Otherwise, I see a huge amount of communication traffic being used and possibly causing other devices to not get a signal if needed.


----------



## sb47 (Nov 11, 2019)

You might try a child tracking device people use to keep track of there kids and or teens that take daddy's car out for the weekend. I'm sure there is a fee attached to them as well.


----------



## misfitecho (Jul 17, 2021)

Hey guys so update to this. Get the Apple AirTag, remove the speaker (super easy, takes 2 min). And place in equipment. It's small enough to stick under the hood with some double-sided tape. Batteries last a year. 

It says it will alert someone if it's been following them, but ive been tracking the fiance for a week and it hasent said anything. She placed the tag in her car, so we could test it. I currently use it as a tracker in my own car. After seeing how well it's been working, I'm going to pick up several more and place them in my tool boxes, gun bags. 

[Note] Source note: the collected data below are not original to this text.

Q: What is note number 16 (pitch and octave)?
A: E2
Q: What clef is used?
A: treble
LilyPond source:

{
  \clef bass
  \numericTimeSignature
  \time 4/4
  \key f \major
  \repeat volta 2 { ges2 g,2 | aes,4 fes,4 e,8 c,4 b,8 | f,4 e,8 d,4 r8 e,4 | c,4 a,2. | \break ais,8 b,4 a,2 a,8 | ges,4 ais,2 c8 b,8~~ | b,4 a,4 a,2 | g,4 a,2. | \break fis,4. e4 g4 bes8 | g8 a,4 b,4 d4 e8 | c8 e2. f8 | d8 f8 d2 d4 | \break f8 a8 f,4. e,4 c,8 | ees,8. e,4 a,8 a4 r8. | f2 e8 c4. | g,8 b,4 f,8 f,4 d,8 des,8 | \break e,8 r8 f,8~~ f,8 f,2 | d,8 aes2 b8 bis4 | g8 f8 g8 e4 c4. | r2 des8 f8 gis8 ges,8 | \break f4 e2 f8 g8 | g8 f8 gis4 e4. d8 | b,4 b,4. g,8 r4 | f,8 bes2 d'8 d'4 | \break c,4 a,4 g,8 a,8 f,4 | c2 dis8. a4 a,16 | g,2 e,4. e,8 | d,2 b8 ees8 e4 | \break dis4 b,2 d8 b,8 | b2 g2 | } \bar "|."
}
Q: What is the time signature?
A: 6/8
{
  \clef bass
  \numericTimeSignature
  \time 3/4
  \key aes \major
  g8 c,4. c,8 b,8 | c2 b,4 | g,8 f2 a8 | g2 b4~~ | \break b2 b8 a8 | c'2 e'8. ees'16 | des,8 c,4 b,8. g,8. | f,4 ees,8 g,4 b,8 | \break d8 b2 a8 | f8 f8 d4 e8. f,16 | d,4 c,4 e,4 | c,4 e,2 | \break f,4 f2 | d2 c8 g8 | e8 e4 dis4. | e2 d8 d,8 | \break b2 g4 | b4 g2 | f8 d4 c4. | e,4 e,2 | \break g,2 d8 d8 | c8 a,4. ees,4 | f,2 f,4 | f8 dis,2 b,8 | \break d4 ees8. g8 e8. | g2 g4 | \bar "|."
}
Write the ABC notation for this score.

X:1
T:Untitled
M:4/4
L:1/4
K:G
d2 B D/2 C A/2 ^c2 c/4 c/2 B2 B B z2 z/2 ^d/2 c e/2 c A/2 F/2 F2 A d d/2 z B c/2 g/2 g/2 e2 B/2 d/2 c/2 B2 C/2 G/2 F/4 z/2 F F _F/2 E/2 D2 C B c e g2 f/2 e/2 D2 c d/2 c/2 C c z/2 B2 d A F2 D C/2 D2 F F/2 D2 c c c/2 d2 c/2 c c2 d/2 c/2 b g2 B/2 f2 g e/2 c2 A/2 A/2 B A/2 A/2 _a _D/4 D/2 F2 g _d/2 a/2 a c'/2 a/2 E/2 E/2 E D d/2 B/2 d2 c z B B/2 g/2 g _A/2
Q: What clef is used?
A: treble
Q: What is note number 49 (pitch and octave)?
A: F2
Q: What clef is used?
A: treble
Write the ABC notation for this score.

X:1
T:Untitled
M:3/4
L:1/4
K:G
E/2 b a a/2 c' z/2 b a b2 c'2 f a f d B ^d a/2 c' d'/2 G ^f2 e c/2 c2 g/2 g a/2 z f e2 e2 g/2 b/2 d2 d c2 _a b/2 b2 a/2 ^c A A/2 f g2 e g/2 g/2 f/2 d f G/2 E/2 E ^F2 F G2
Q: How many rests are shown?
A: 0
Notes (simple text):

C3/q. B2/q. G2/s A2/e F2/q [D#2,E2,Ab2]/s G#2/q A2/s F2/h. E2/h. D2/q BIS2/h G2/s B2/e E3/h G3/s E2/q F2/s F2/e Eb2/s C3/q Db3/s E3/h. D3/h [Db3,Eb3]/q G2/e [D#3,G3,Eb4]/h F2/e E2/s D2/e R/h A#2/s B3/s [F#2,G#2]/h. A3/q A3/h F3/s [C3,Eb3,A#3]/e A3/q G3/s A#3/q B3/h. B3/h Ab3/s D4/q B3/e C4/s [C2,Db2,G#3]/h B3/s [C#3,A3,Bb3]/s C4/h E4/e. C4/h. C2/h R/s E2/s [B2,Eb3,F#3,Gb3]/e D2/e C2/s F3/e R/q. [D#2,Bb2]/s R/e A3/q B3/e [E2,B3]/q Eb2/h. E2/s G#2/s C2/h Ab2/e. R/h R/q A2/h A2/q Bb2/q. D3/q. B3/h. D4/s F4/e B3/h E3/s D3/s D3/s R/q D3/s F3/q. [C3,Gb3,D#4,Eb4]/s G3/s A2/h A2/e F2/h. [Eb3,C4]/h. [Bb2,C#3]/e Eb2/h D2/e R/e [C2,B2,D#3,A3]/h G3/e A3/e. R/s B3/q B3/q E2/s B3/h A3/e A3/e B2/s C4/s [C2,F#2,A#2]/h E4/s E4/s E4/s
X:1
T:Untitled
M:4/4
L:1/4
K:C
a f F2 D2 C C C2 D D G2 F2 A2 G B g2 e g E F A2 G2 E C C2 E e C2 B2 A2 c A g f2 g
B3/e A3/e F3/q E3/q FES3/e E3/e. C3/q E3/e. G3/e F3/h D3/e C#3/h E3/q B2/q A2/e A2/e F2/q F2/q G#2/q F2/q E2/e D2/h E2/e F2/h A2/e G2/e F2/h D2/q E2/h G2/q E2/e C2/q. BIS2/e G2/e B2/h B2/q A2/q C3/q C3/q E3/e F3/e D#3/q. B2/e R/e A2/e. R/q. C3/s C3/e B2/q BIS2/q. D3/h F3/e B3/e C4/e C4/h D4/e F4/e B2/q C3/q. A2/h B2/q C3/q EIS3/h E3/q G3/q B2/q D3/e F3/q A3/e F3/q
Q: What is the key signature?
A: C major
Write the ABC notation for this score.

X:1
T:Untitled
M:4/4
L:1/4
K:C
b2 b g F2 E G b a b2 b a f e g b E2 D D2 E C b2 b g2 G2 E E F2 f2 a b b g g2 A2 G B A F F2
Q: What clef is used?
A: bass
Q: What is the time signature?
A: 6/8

For 29 bucks its cheap insurance. 








AirTag


Attach AirTag to everyday items, like your keys or a backpack, to easily keep track of them in the Find My app.



www.apple.com




(remove the speaker) 
(hide and go seek on motorcycles with airtag)


----------



## K-techcowboy (Dec 1, 2021)

Mtrstump said:


> Does anyone know of a gps tracking device that can be mounted on equipment. I want one that can be tracked by smart phone. I have done an exhaustive search on the Internet, and all I find is gps with a monthly contract, where if your equipment is stolen the maker of the device will track it for you and call the police. It seems as though you should be able to do it yourself and not pay a monthly fee. I think there is a huge market for this. I can't understand why it's not available


Ebay


----------